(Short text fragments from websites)
━━━━━━━━━━━━━━━━━━━━━━━━━━━━━━

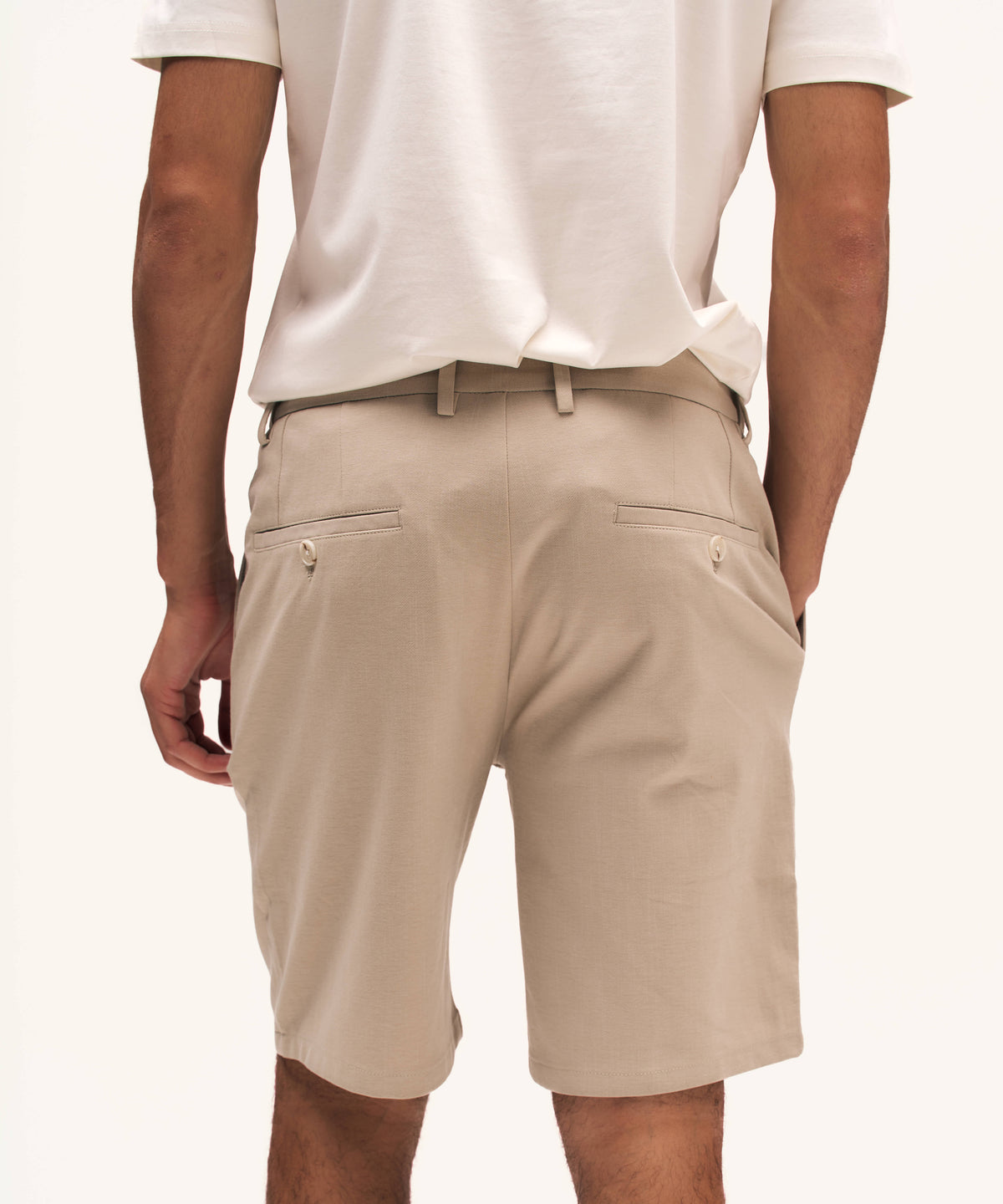 Riviera Short | Beige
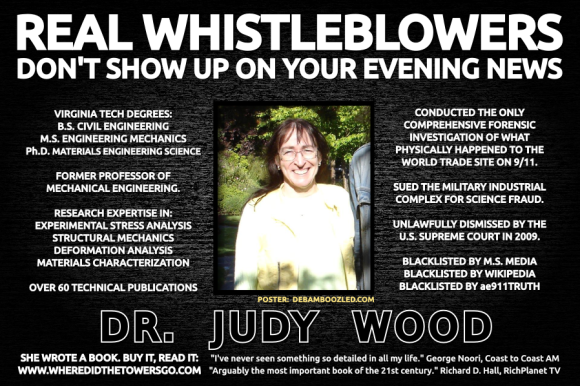 Real Whistleblowers Don’t Show Up on Your Evening News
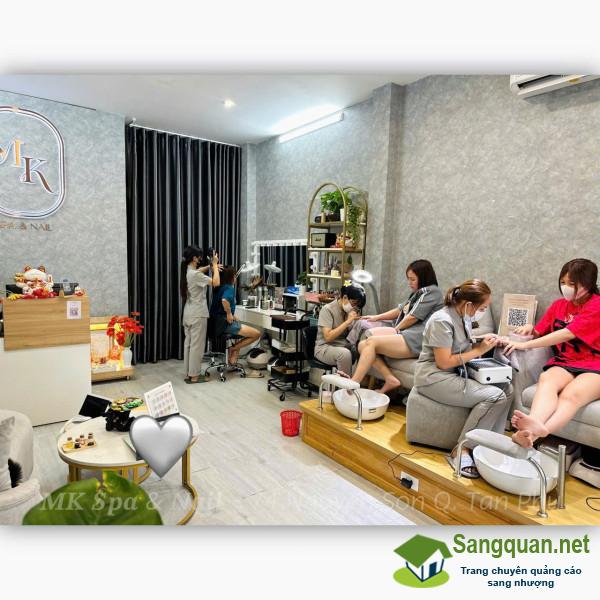 Sang nhượng spa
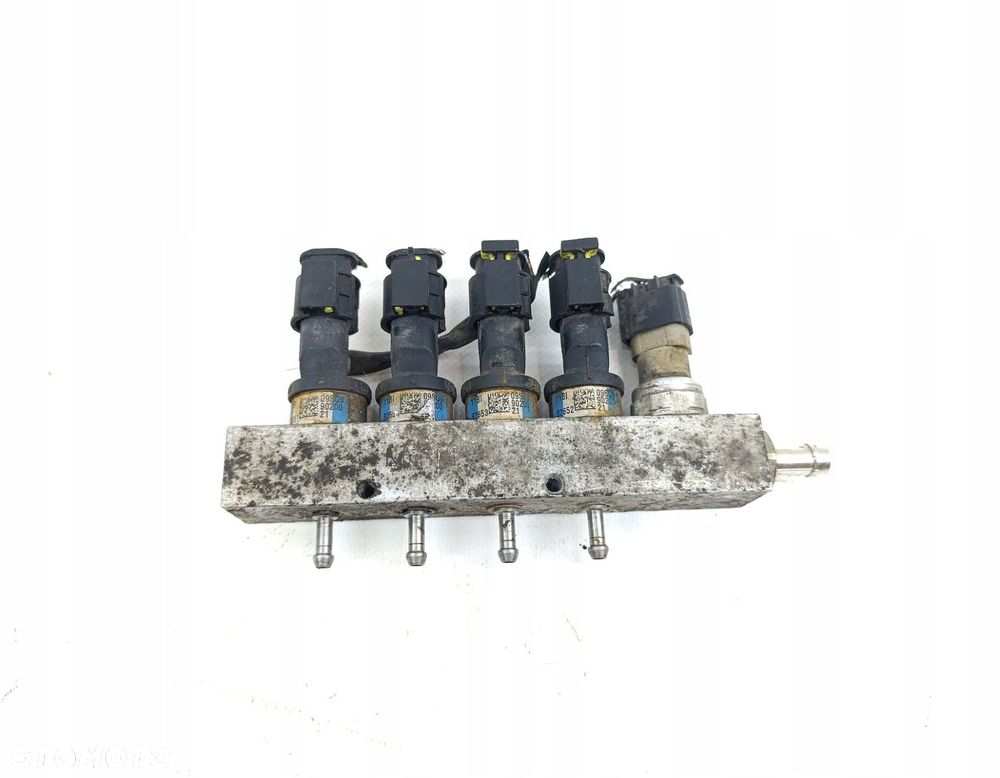 LISTWA WTRYSKOWA GAZU LPG    09SQ99020021 - 2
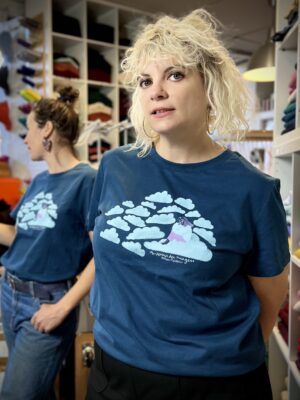 NUAGES de MATHOU ♀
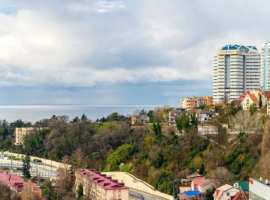 Продается 2-комнатная квартира в Сочи на Бытхе. Квартира с...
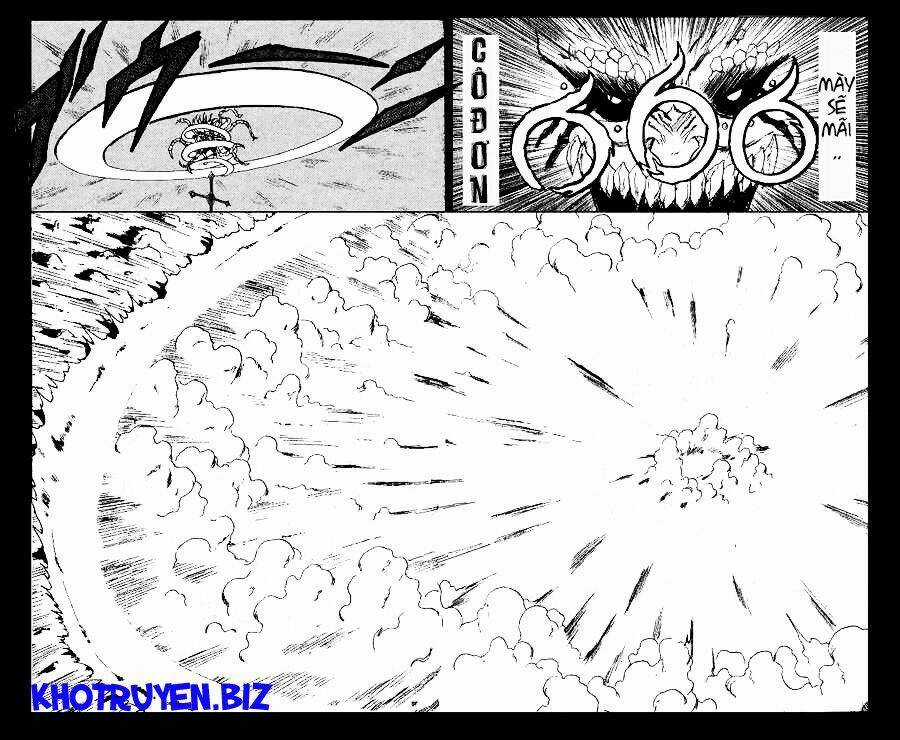 Cuộc Phiêu Lưu Của Quỷ Satan - Chapter 13 - Trang 20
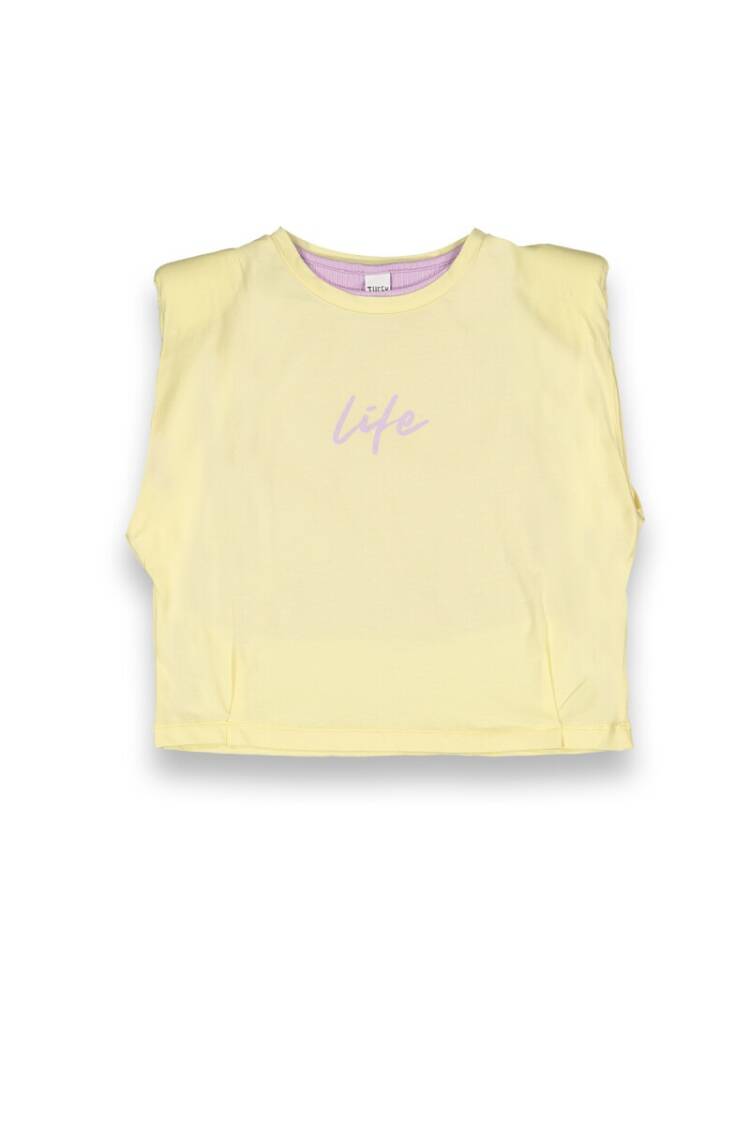 Wholesale Girls T-shirt 6-9Y - Brand: Tuffy - Kids & Baby Clothes Wholesale - Globality Store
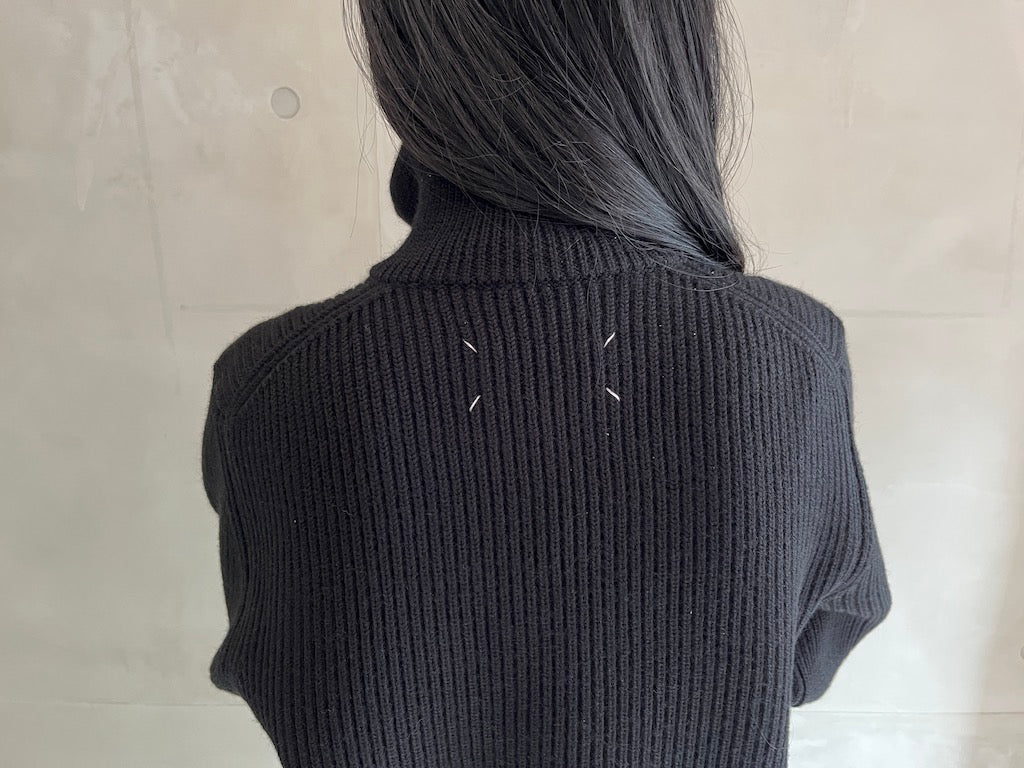 ジップカーディガン【25AW】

━━━━━━━━━━━━━━━━━━━━━━━━━━━━━━

## [Brief]
The entries are to be transcribed word for word, without their images.

## [Solution to this exercise]
 Riviera Short | Beige
 Real Whistleblowers Don’t Show Up on Your Evening News
 Sang nhượng spa
 LISTWA WTRYSKOWA GAZU LPG    09SQ99020021 - 2
 NUAGES de MATHOU ♀
 Продается 2-комнатная квартира в Сочи на Бытхе. Квартира с...
 Cuộc Phiêu Lưu Của Quỷ Satan - Chapter 13 - Trang 20
 Wholesale Girls T-shirt 6-9Y - Brand: Tuffy - Kids & Baby Clothes Wholesale - Globality Store
 ジップカーディガン【25AW】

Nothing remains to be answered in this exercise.